«Woran erkennt man eine Schwulenhochzeit? ... Die Freunde heulen mehr als die Schwiegermutter.» So kalauerte das Lästermaul Harald Schmidt neulich am Fernsehen. Empfindsam, gefühlsbetont und nahe am Wasser gebaut: So ein paar gängige Vorurteile, die hinter vorgehaltener Hand bei Heteros über Schwule die Runde machen. Dass die sexuelle Ausprägung allein noch wenig über den Charakter eines Menschen aussagt, scheinen einige dabei völlig ausser Acht zu lassen.
Und trotzdem: Es gibt auch Lichtblicke. In vielen Branchen wird heute dank intensiver Aufklärung schon wesentlich offener mit dem Thema umgegangen, als noch vor ein paar Jahr-zehnten. In der Werbe- oder Modebranche beispielsweise haben sich in der Vergangenheit unzählige berühmte Persönlichkeiten offen zu ihrer Homosexualität bekannt und so den Weg für andere geebnet.

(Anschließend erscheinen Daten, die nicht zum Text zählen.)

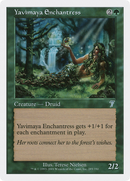 Yavimaya Enchantress [Seventh Edition]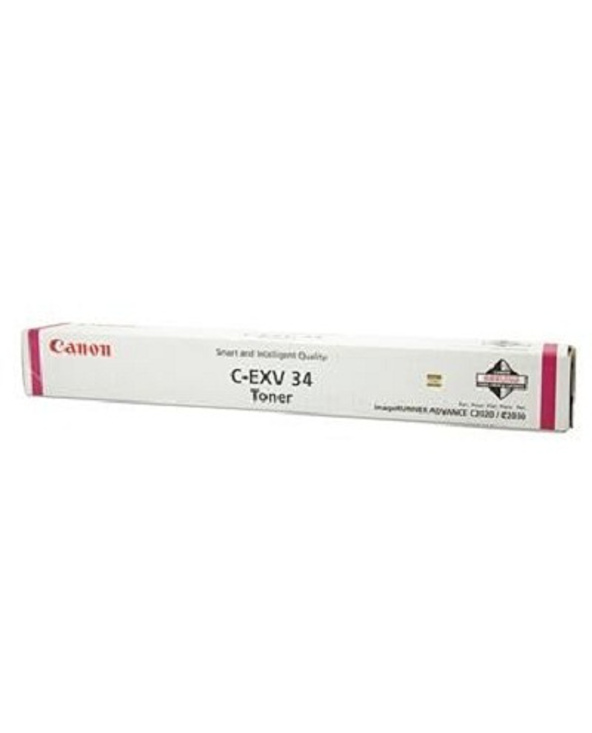 Canon C-EXV 34 Cartouche de toner 1 pièce(s) Original Magenta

Allerdings: Was in gewissen Kreisen heute salonfähig geworden ist, sorgt in anderen Branchen auch heute noch für rote Köpfe. Dazu gehört auch die IT-Industrie, insbesondere der IT-Vertrieb.
Echte Kerle sind gesucht
Verkäufer müssen hartnäckig und willensstark sein, sich unter schwierigen Umständen durchsetzen und sich gegen die Konkurrenz behaupten können. Kurz: Gesucht werden hier noch echte Kerle. Sich hier als Schwuler zu outen, schaffen die wenigsten. Zu einem ähnlichen Ergebnis kommt auch Moël Volken, Geschäftsführer von Pink Cross, dem nationalen Dachverband der schwulen Männer in der Schweiz. Er meinte auf Anfrage zu diesem Thema: «In Bereichen, welche von klassisch männlichen Attributen wie beispielsweise Durchsetzungsvermögen und Aggressivität besetzt sind, ist ein Outing für die Betroffenen auch heute noch schwierig.»

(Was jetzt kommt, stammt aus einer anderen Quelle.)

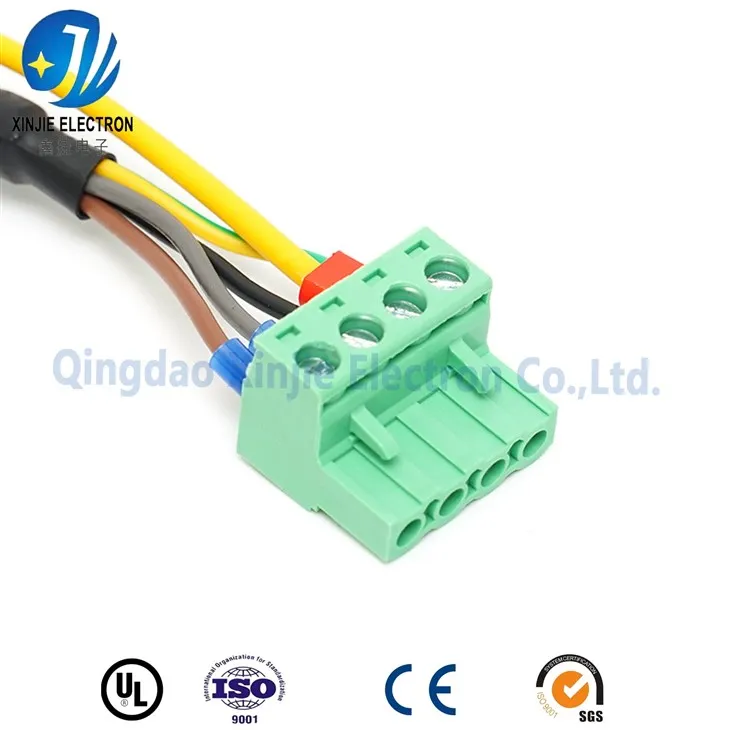 Industrial Equipment Wire Harness For Hospital Equipment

Dauerstress am Arbeitsplatz
Viele verschweigen darum ihre Homosexualität am Arbeitsplatz und beginnen, ein regelrechtes Lügenkonstrukt aufzubauen. Sie mimen gegen aussen eine Person, die sie gar nicht sind. Das braucht Kraft und geht an die Substanz, wie diverse Untersuchungen der Vergangenheit aufgezeigt haben. Die Folge sind Schlafstörungen, Stress, Angstzustände und nicht selten Depression. Zu ähnlichen Ergebnissen kommt auch Daniel Räss in seiner Lizenziatsarbeit aus dem Jahr 2004 an der Universität Zürich. In seiner Studie kann man unter anderem nachlesen, dass sich 30% aller Schwulen, die ihre Homosexualität am Arbeitsplatz verheimlichen, latent gestresst fühlen. Im Gegensatz dazu, beträgt der Prozentsatz bei jenen, die das Outing schon hinter sich gebracht haben, gerade mal 16%.

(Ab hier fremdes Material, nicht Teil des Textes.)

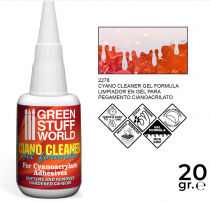 Nettoyant de Cyanoacrylate 20ml GREENSTUFF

Wie sollen homosexuelle Mitarbeiter, die in IT-Vertriebsfunktionen arbeiten, mit ihrer Homosexualität umgehen, und welche Möglichkeiten haben Firmen, ihre Angestellten auf dieses Thema zu sensibilisieren? Dazu die folgenden Erläuterungen:
Outing wichtig
Auch wenn es schwierig ist und sich dadurch vermeintliche Freunde von einem abwenden, ist Moël Volken überzeugt, dass in der Mehrzahl der Fälle ein Outing am Arbeitsplatz auf die Dauer unabdingbar ist. Nur so könne man sich vom unglaublichen Druck, der sonst auf einem laste, befreien. Volken weiter: «Wer sich hinstellt und sagt: Ich bin schwul!, zeigt damit echte Zivilcourage. Das macht Eindruck und die Reaktionen sind selbst in einem konservativen und eher schwulenfeindlichen Umfeld meist durchwegs positiv.» Ihm selbst sei beispielsweise das Outing eines Berufsmilitärs der Schweizer Armee bekannt, der dank einer offenen und klaren Kommunikation reihum viel Rückhalt und Lob bei Kollegen, Vorgesetzten und Untergebenen erhielt.
Verantwortung der Firmen
Obwohl schwulenfeindliches Verhalten in der Öffentlichkeit und der Geschäftswelt heute offiziell verpönt, ja sogar strafbar ist, sollte doch zu denken geben, wenn 80% der Schwulen und Lesben in Deutschland laut einer repräsentativen Umfrage des Kölner Psychologen Dominic Froh angeben, im Berufsleben Diskriminierung zu erfahren. Die Angst vor Ausgrenzung führt oft dazu, dass Schwule am Arbeitsplatz sich nicht als solche zu erkennen geben.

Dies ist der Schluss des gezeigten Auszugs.